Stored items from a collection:
|---|
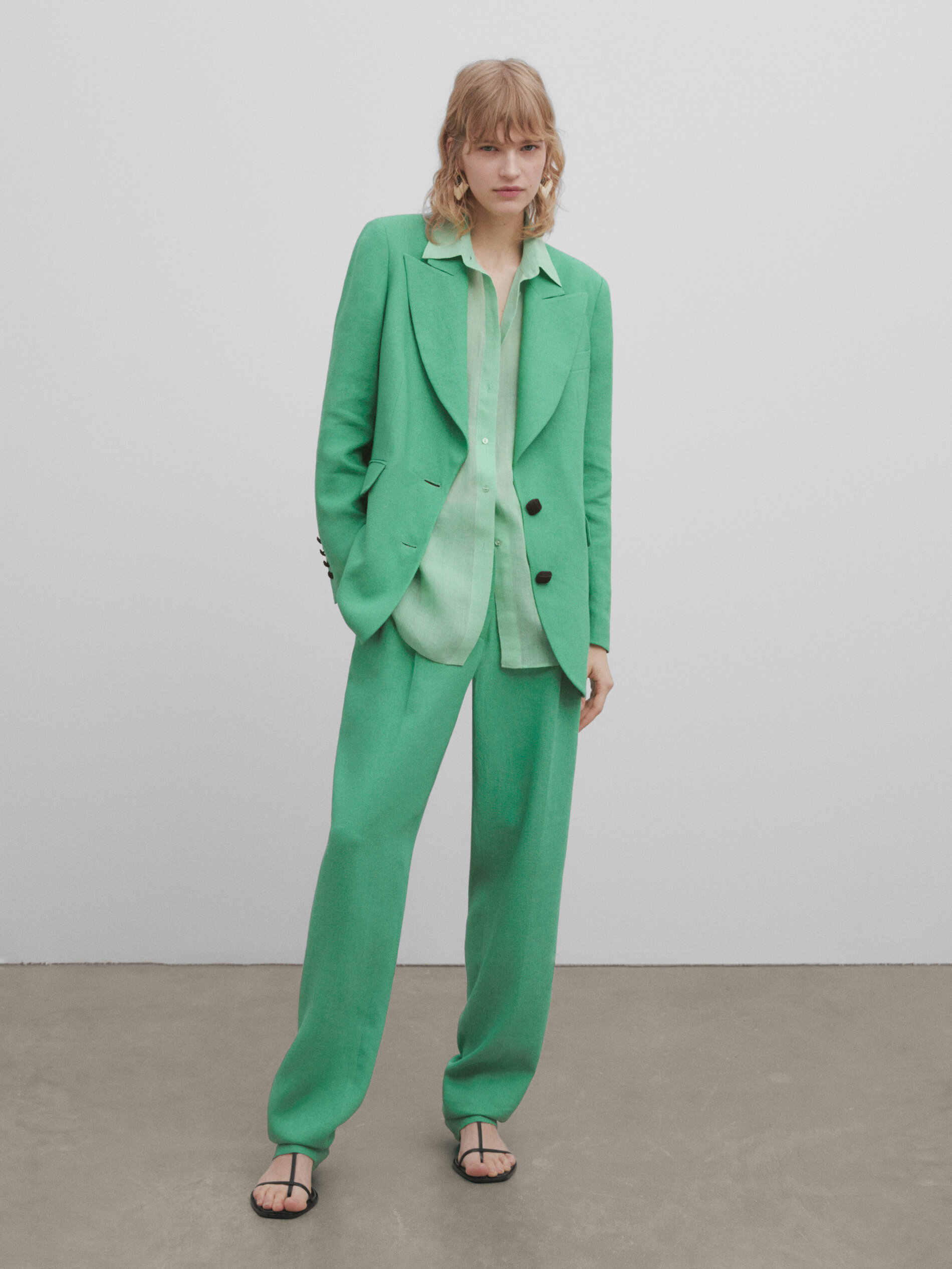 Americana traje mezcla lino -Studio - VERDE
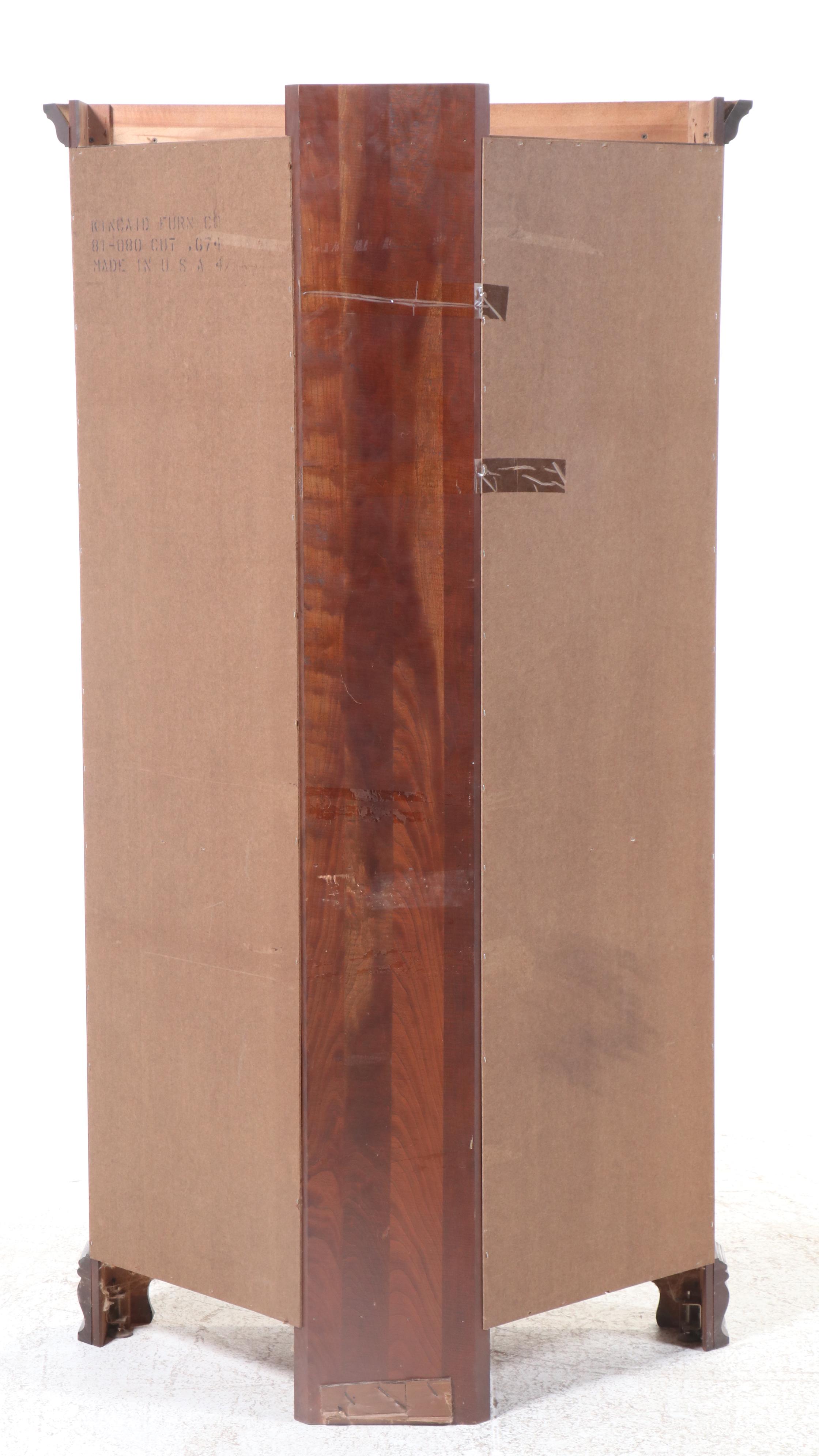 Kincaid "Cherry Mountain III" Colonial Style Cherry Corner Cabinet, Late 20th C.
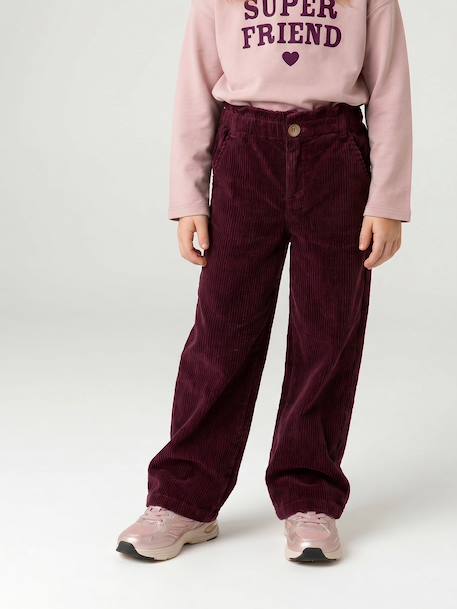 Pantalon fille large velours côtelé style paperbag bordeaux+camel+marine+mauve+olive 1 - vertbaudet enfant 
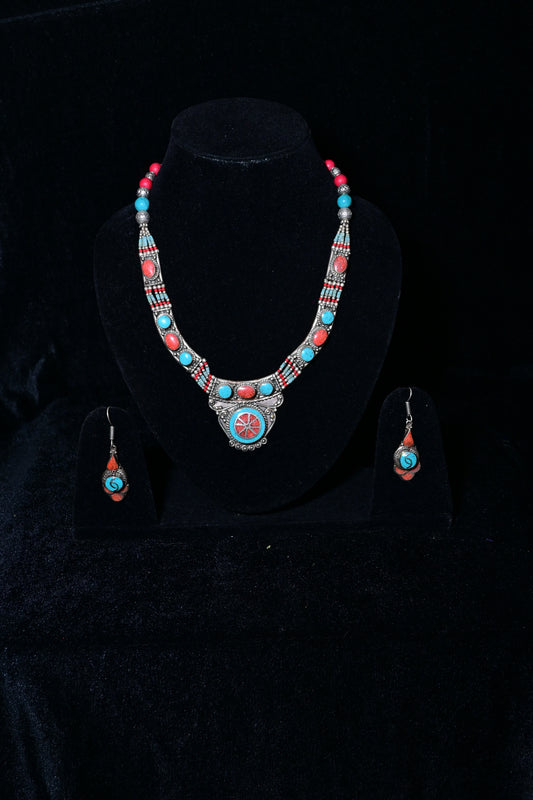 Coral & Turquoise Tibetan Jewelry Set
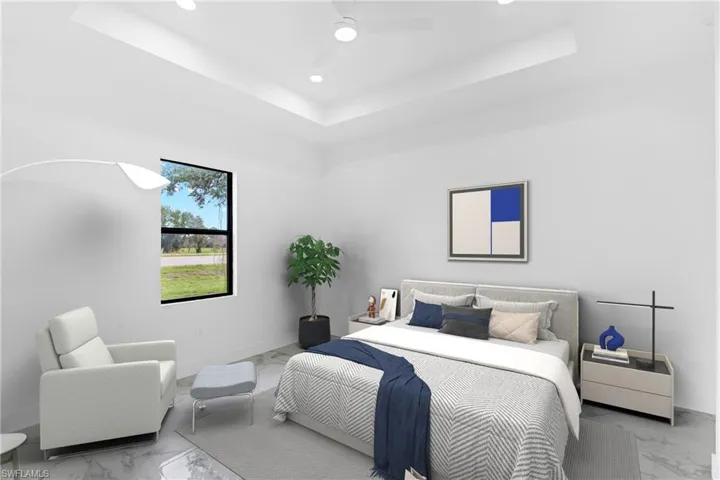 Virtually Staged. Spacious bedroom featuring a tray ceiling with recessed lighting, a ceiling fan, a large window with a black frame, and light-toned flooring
|---|
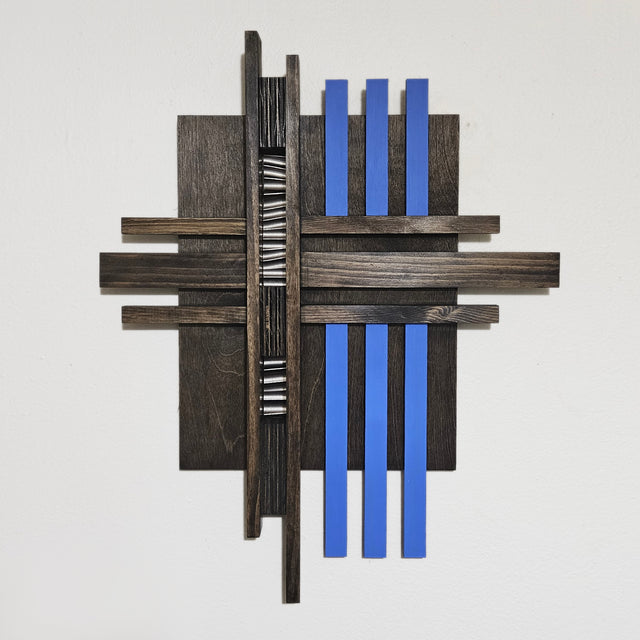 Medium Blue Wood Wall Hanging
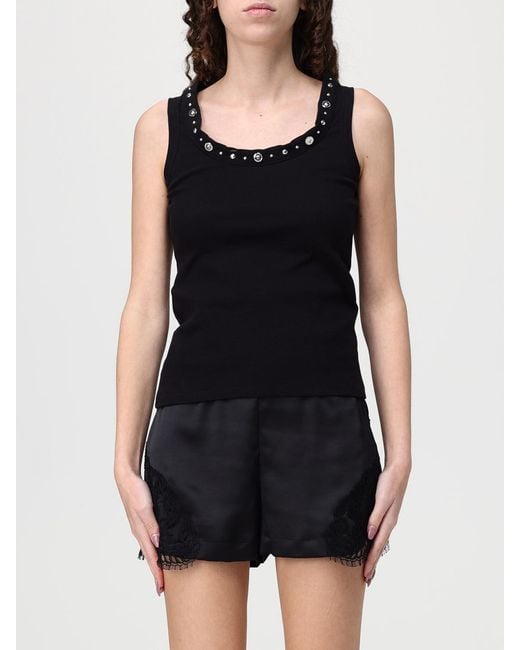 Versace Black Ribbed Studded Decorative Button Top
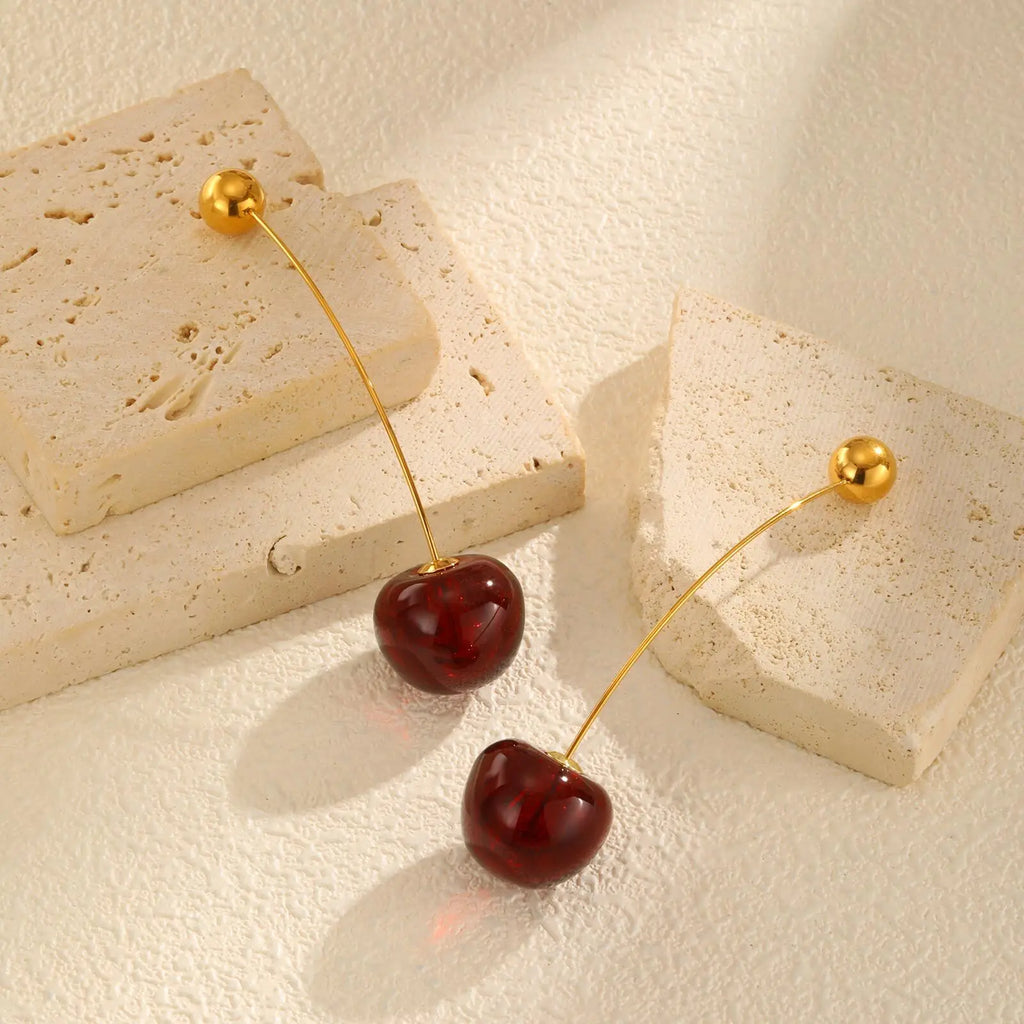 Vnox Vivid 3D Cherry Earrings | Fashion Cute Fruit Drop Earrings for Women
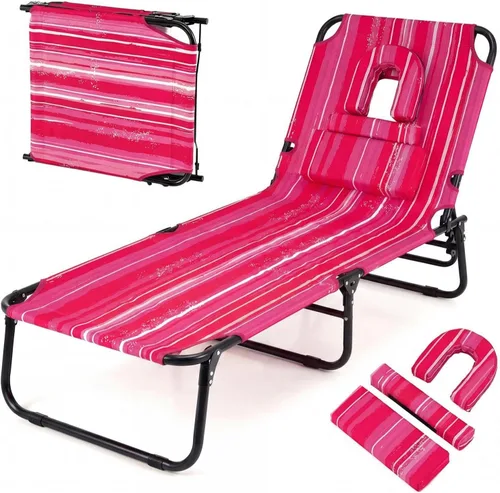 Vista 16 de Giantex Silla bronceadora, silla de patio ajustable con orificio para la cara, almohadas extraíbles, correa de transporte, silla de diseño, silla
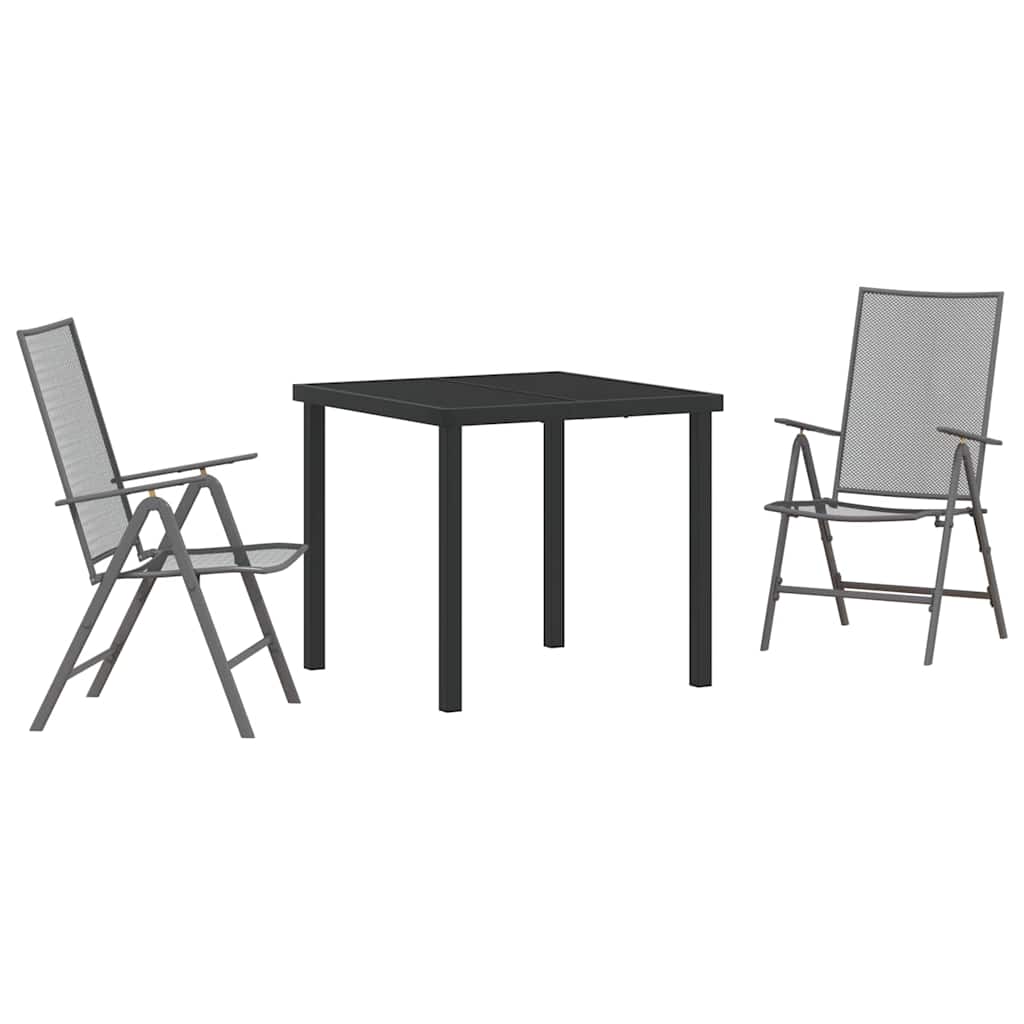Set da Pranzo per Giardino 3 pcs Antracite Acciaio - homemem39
|---|
In the records above, find the line with "Vista 16 de" and the line with "Set da Pranzo", then restate word for word only those two lines and all lines between, omitting pictures.

 Vista 16 de Giantex Silla bronceadora, silla de patio ajustable con orificio para la cara, almohadas extraíbles, correa de transporte, silla de diseño, silla
Set da Pranzo per Giardino 3 pcs Antracite Acciaio - homemem39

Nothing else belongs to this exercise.